What to do | In the entries that follow, find the line containing "بدون فوائد.. قرض" and the line containing "Light Green 04", then retype exactly the lines from the first through the second, pictures excluded.

Data listing |
•••
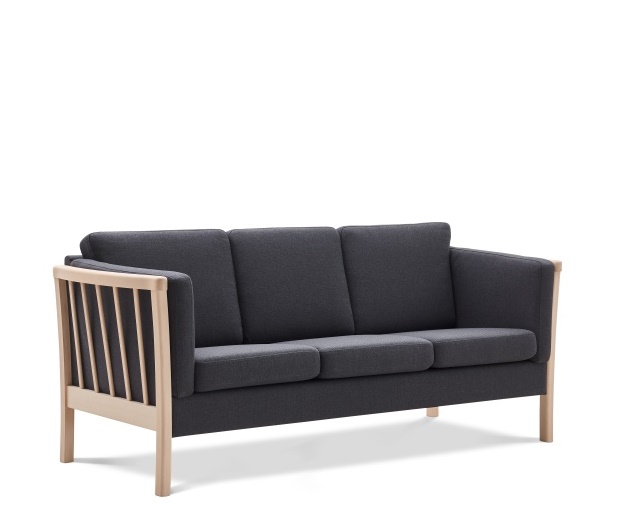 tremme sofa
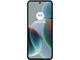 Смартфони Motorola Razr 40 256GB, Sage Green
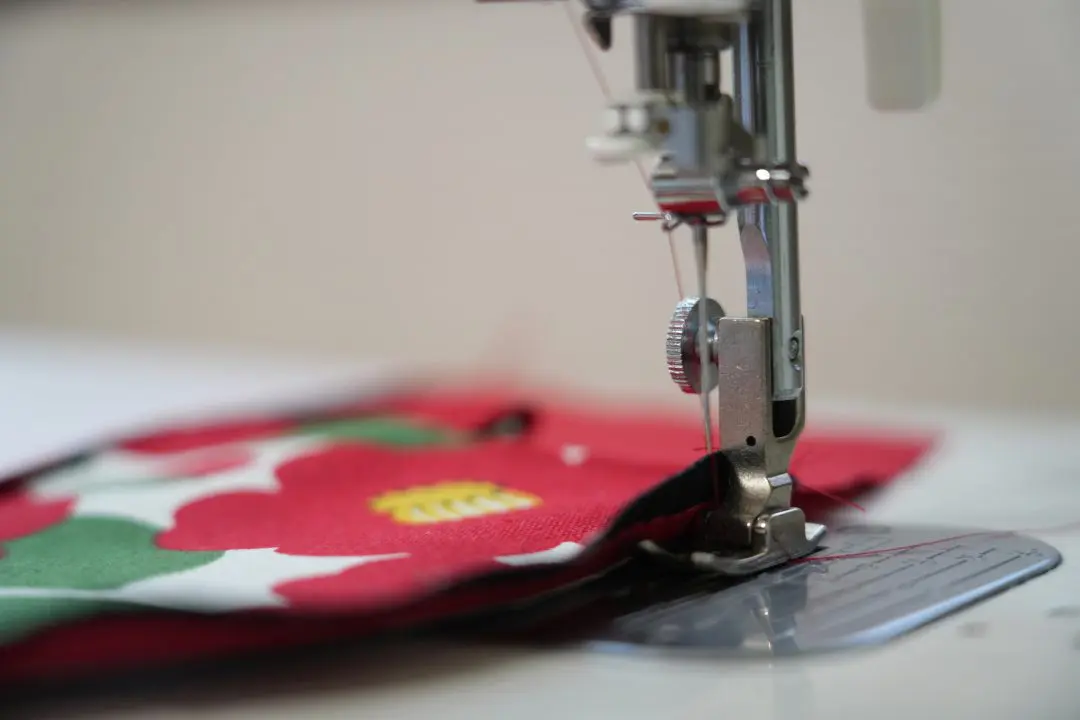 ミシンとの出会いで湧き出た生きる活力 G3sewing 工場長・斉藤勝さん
•••
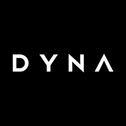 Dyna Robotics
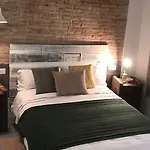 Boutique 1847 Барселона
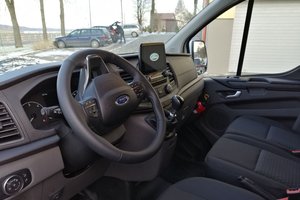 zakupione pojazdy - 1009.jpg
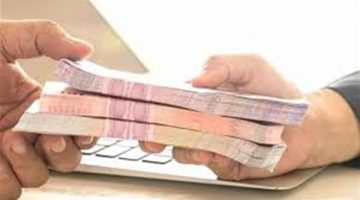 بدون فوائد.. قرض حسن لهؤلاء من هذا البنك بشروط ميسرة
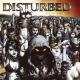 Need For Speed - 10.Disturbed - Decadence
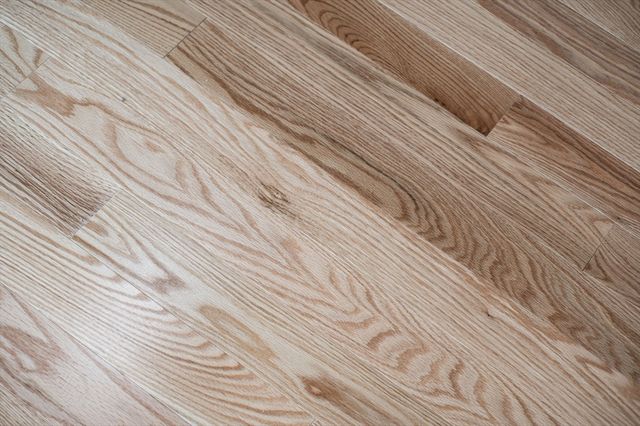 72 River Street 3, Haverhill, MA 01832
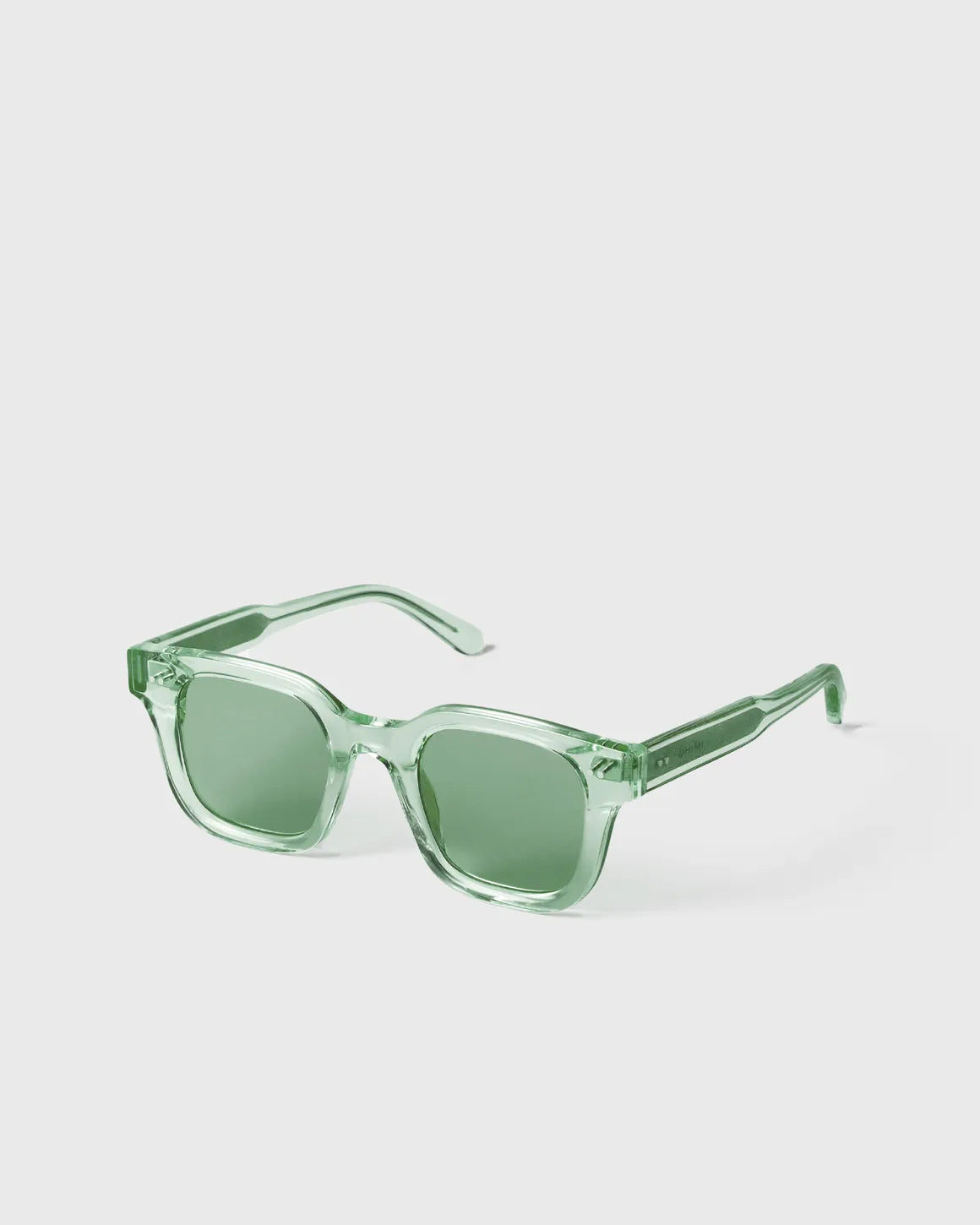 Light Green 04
•••
Final answer |
 بدون فوائد.. قرض حسن لهؤلاء من هذا البنك بشروط ميسرة
 Need For Speed - 10.Disturbed - Decadence
 72 River Street 3, Haverhill, MA 01832
 Light Green 04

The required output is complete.